● **What to work on**:
Transcribe the listing in full, word for word; pictures do not belong in the copy.

● **Records to use**:
+ + + +
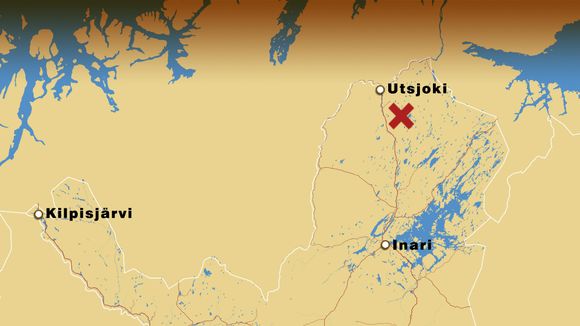 The accident occurred on the border between the municipalities of Utsjoki and Inari. Image: Yle Uutisgrafiikka  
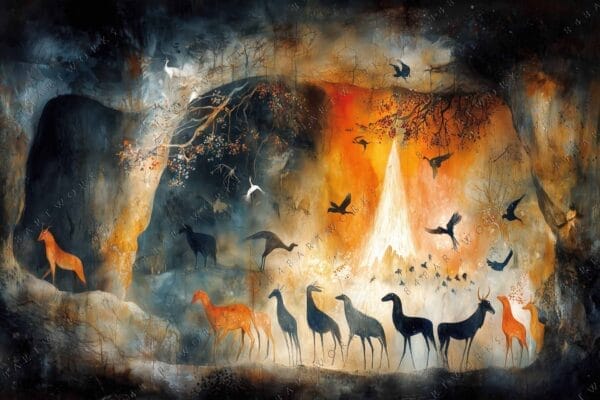 Abstract digital painting of silhouetted animals and birds in dark and fiery orange hues.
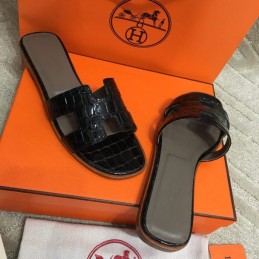 Replica Hermes Black Crocodile H Sandal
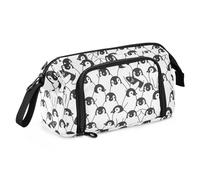 amazingtr Colorful Fox Masks and Flowers Large Pencil Case Portable Stationery Bag Cosmetics Bag with Handle for School Office Travel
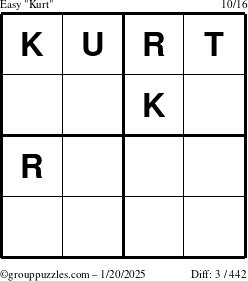 The grouppuzzles.com Easy Kurt puzzle for Monday January 20, 2025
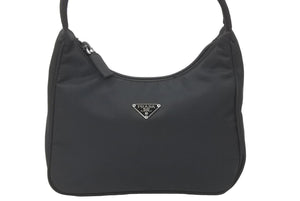 PRADA プラダ ハンドバッグ テスート ナイロン ブラック 三角ロゴ シルバー金具 美品 中古 48116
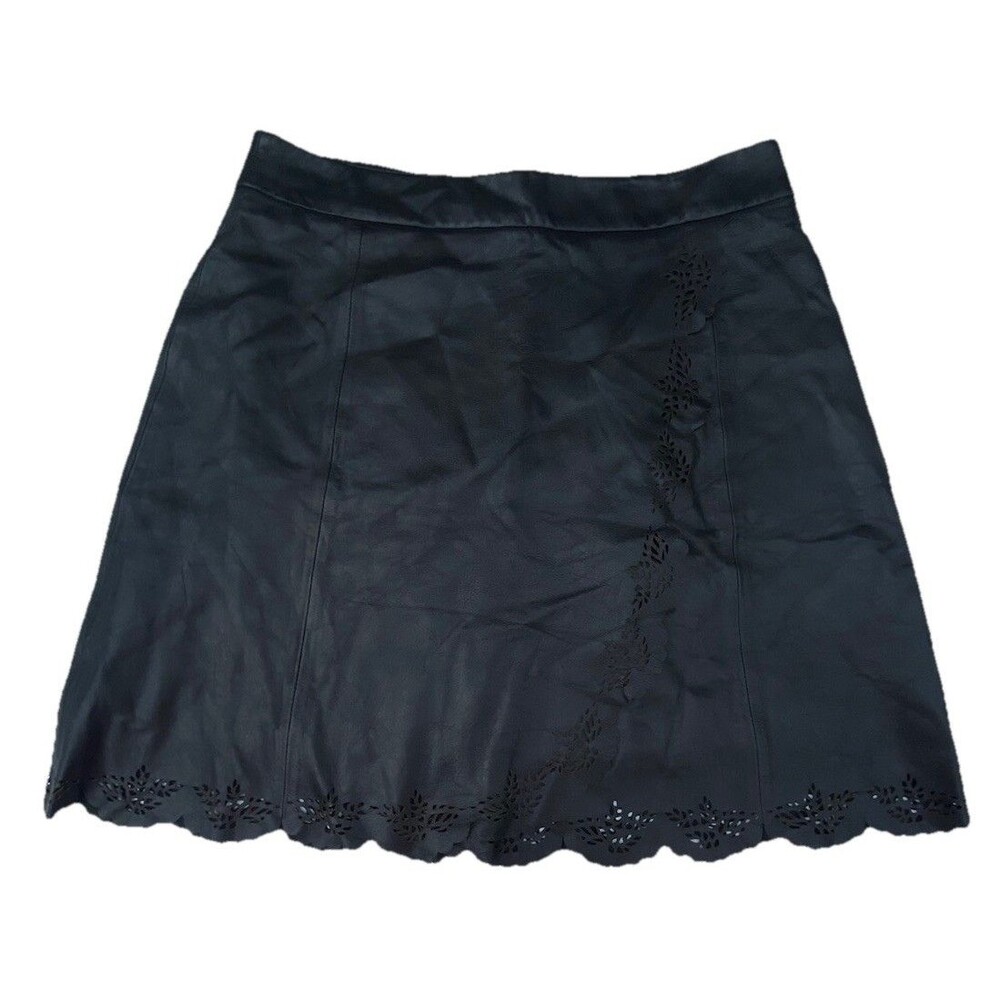 Les Petites Paris Lamb Leather Mini Skirt Black Laser Cut Scallop Hem Size 38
+ + + +
● **Reply to the task**:
 The accident occurred on the border between the municipalities of Utsjoki and Inari. Image: Yle Uutisgrafiikka  
 Abstract digital painting of silhouetted animals and birds in dark and fiery orange hues.
 Replica Hermes Black Crocodile H Sandal
 amazingtr Colorful Fox Masks and Flowers Large Pencil Case Portable Stationery Bag Cosmetics Bag with Handle for School Office Travel
 The grouppuzzles.com Easy Kurt puzzle for Monday January 20, 2025
 PRADA プラダ ハンドバッグ テスート ナイロン ブラック 三角ロゴ シルバー金具 美品 中古 48116
 Les Petites Paris Lamb Leather Mini Skirt Black Laser Cut Scallop Hem Size 38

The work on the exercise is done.